What to produce:
The listing is to be transcribed in full, with its images left out.

The data:
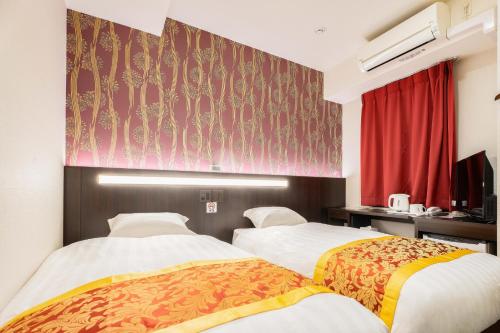 大阪市にあるPearl Spring116 hotelのベッド2台と赤いカーテンが備わるホテルルームです。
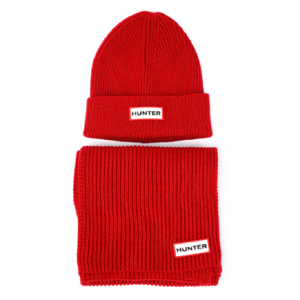 Free BERNINA Red Hat & Scarf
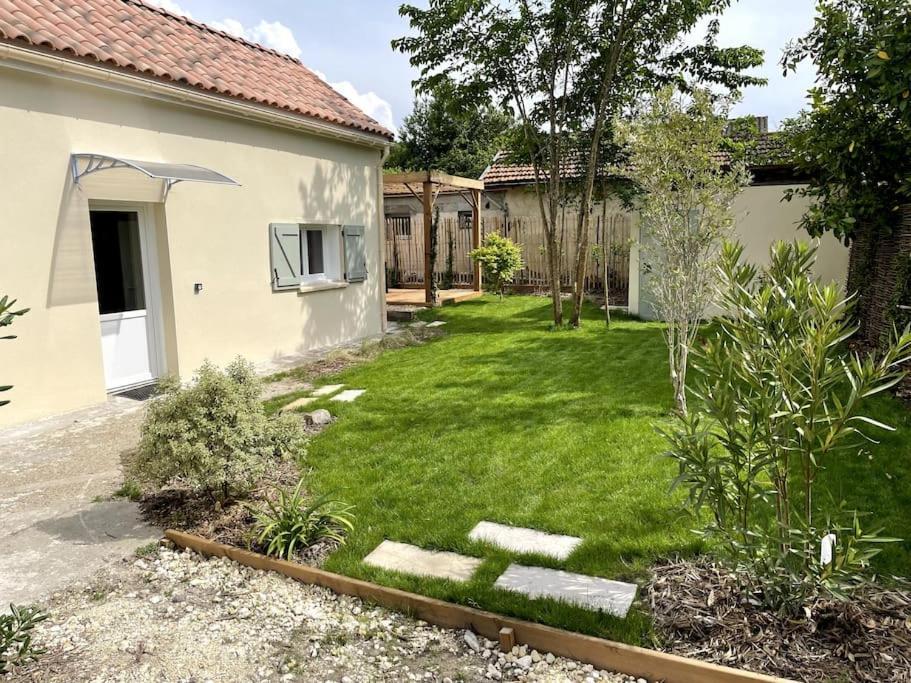 Petite Maison Avec Jardin Au Calme Floirac  Zewnętrze zdjęcie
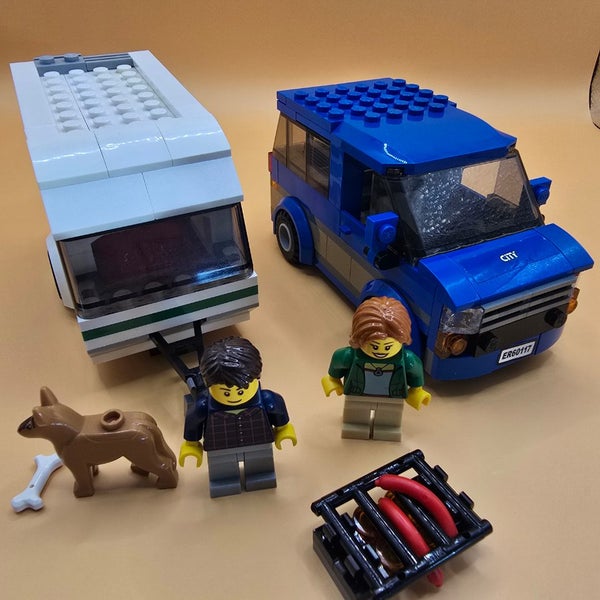 LEGO City - 60117 - Van & Caravan Carousel 1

Output:
 大阪市にあるPearl Spring116 hotelのベッド2台と赤いカーテンが備わるホテルルームです。
 Free BERNINA Red Hat & Scarf
 Petite Maison Avec Jardin Au Calme Floirac  Zewnętrze zdjęcie
 LEGO City - 60117 - Van & Caravan Carousel 1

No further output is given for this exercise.